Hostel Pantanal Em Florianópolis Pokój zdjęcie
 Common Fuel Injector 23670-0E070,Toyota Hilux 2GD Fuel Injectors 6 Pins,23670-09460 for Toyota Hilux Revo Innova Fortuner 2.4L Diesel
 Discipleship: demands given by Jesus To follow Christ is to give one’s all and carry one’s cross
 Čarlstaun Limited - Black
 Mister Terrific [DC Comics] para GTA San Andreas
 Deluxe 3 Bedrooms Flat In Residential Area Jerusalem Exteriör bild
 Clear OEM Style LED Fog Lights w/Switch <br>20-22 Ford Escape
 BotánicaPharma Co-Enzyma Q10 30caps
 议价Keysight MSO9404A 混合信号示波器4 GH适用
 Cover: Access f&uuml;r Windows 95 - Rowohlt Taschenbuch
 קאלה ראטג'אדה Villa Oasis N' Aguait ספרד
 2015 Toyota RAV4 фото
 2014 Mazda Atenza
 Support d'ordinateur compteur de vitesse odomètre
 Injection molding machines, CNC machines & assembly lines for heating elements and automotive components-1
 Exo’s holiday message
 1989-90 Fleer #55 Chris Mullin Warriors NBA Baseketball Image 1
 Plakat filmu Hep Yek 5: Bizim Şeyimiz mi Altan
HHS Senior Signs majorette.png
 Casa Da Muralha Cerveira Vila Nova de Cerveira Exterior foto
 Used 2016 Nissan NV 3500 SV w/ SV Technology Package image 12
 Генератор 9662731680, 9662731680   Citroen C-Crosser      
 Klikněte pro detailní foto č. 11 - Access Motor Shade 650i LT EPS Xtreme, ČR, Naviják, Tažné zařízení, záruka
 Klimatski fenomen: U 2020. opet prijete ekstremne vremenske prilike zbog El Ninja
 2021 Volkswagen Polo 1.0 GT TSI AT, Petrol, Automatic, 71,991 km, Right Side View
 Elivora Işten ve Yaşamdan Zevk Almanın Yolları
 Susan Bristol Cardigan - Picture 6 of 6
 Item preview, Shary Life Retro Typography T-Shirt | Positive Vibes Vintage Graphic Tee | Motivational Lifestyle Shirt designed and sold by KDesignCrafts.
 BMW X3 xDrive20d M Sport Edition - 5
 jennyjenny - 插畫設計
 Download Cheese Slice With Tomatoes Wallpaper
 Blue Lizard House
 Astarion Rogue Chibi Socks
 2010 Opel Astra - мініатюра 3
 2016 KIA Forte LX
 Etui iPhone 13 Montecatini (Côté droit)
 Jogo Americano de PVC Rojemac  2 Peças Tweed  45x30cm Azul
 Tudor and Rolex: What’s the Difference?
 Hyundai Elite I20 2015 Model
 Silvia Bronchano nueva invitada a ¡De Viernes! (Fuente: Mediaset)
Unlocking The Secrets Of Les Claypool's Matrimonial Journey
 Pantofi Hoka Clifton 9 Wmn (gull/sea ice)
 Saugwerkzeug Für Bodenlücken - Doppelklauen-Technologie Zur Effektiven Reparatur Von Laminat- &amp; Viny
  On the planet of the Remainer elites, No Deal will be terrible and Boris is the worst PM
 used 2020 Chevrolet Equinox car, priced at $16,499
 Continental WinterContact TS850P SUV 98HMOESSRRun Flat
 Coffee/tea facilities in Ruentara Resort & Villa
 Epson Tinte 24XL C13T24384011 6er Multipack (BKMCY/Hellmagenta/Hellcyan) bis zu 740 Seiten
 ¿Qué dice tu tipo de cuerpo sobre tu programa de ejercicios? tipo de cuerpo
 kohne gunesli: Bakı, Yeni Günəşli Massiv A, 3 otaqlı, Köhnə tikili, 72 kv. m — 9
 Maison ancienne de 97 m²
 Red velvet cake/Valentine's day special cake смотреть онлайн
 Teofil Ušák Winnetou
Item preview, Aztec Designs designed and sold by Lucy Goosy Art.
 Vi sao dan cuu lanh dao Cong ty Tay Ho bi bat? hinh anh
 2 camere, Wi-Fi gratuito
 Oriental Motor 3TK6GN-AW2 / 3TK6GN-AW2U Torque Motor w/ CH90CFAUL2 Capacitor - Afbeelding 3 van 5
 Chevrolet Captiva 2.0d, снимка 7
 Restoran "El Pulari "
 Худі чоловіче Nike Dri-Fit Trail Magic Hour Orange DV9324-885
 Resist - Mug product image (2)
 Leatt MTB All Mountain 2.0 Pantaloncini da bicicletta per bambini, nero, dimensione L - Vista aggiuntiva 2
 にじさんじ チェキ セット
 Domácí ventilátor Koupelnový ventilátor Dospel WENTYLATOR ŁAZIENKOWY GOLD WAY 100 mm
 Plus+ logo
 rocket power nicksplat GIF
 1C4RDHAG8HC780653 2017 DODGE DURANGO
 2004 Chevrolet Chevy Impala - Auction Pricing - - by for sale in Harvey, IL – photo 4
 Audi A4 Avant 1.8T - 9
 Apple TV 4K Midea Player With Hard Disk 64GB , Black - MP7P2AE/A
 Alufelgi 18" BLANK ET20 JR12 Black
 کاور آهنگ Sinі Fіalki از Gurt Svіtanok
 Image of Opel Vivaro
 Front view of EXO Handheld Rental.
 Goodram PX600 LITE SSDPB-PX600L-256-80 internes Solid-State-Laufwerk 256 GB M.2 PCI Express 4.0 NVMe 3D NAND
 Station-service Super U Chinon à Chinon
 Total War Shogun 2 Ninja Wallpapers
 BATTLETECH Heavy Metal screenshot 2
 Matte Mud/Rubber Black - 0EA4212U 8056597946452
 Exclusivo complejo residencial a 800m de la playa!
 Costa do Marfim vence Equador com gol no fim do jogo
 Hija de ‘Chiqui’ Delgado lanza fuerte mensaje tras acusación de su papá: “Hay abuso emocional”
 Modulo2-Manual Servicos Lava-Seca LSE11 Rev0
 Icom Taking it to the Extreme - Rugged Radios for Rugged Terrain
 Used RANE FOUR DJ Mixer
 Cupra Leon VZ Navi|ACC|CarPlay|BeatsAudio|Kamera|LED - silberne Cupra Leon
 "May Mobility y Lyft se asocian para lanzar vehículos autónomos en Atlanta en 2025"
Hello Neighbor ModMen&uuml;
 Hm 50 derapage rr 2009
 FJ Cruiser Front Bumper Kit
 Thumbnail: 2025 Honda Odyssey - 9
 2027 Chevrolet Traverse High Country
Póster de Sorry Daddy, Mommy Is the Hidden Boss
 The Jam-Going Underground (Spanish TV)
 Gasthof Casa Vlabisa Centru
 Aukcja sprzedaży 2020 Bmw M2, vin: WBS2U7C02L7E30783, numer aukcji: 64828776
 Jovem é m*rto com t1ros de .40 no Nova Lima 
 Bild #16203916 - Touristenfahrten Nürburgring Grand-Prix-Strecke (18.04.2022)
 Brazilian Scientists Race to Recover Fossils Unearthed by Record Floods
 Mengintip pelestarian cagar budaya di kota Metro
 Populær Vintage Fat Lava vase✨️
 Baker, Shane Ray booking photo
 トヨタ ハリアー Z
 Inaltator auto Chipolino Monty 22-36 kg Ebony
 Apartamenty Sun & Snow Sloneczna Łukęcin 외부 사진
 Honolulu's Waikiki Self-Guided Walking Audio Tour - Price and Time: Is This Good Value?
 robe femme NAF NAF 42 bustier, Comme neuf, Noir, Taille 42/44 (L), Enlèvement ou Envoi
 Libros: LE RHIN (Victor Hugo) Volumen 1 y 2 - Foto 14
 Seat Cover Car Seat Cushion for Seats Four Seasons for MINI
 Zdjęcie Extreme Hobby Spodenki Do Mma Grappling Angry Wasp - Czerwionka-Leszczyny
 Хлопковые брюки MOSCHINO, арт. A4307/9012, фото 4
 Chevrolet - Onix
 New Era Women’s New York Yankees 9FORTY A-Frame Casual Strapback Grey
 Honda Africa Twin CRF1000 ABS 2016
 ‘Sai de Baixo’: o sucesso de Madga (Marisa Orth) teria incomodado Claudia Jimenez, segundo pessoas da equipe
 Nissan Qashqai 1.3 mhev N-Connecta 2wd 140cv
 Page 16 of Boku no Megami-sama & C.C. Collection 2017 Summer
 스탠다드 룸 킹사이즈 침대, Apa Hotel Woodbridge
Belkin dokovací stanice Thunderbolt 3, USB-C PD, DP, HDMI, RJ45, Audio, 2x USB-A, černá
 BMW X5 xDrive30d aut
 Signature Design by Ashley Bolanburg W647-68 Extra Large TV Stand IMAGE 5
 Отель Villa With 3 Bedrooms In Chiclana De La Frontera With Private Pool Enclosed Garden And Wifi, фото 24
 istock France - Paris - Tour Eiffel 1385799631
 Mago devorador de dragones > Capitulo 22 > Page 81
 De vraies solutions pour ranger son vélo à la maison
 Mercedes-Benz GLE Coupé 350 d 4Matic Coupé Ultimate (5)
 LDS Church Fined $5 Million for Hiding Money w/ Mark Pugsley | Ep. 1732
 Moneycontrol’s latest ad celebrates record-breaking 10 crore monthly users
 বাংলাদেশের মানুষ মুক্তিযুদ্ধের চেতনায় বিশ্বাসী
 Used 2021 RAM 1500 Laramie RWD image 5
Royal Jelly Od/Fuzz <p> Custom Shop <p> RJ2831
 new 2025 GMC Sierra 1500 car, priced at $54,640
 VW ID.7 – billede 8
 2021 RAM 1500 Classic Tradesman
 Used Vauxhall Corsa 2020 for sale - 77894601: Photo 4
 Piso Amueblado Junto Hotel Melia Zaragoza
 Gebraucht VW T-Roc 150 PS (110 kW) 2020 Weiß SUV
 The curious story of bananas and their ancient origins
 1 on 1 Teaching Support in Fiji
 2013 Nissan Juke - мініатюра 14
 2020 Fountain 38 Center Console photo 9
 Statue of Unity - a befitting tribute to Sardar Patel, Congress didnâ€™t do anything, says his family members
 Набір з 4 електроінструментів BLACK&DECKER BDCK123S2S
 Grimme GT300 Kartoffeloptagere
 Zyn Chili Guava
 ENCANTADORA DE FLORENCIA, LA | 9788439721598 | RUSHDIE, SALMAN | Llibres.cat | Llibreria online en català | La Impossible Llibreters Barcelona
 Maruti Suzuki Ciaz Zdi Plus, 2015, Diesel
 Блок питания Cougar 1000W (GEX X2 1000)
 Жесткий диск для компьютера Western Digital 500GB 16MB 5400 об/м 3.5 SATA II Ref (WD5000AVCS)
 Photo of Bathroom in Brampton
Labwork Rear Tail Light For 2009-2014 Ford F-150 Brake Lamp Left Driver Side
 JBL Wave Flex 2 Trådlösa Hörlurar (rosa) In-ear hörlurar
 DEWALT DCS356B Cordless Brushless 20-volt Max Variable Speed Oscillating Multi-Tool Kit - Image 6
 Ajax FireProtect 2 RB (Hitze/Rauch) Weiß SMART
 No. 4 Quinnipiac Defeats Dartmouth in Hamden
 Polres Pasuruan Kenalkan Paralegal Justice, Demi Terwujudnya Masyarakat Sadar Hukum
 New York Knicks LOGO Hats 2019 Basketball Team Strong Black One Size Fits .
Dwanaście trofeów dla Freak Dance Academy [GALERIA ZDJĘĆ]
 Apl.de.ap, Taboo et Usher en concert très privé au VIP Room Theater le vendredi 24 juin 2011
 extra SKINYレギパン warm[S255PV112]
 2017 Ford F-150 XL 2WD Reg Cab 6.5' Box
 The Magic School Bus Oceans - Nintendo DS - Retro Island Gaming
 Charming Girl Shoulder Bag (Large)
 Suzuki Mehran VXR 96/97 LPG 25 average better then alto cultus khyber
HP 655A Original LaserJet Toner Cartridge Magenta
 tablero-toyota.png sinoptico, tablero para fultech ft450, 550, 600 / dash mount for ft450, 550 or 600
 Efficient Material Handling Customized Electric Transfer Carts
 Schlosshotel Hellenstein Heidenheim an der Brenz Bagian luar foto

(Prompt):
Copy the stretch of the records above that runs from the line with "Susan Bristol Cardigan - Picture 6 of 6" through the line with "2016 KIA Forte LX". Both end lines belong in the copy, and nothing else does.

(Answer to the exercise):
 Susan Bristol Cardigan - Picture 6 of 6
 Item preview, Shary Life Retro Typography T-Shirt | Positive Vibes Vintage Graphic Tee | Motivational Lifestyle Shirt designed and sold by KDesignCrafts.
 BMW X3 xDrive20d M Sport Edition - 5
 jennyjenny - 插畫設計
 Download Cheese Slice With Tomatoes Wallpaper
 Blue Lizard House
 Astarion Rogue Chibi Socks
 2010 Opel Astra - мініатюра 3
 2016 KIA Forte LX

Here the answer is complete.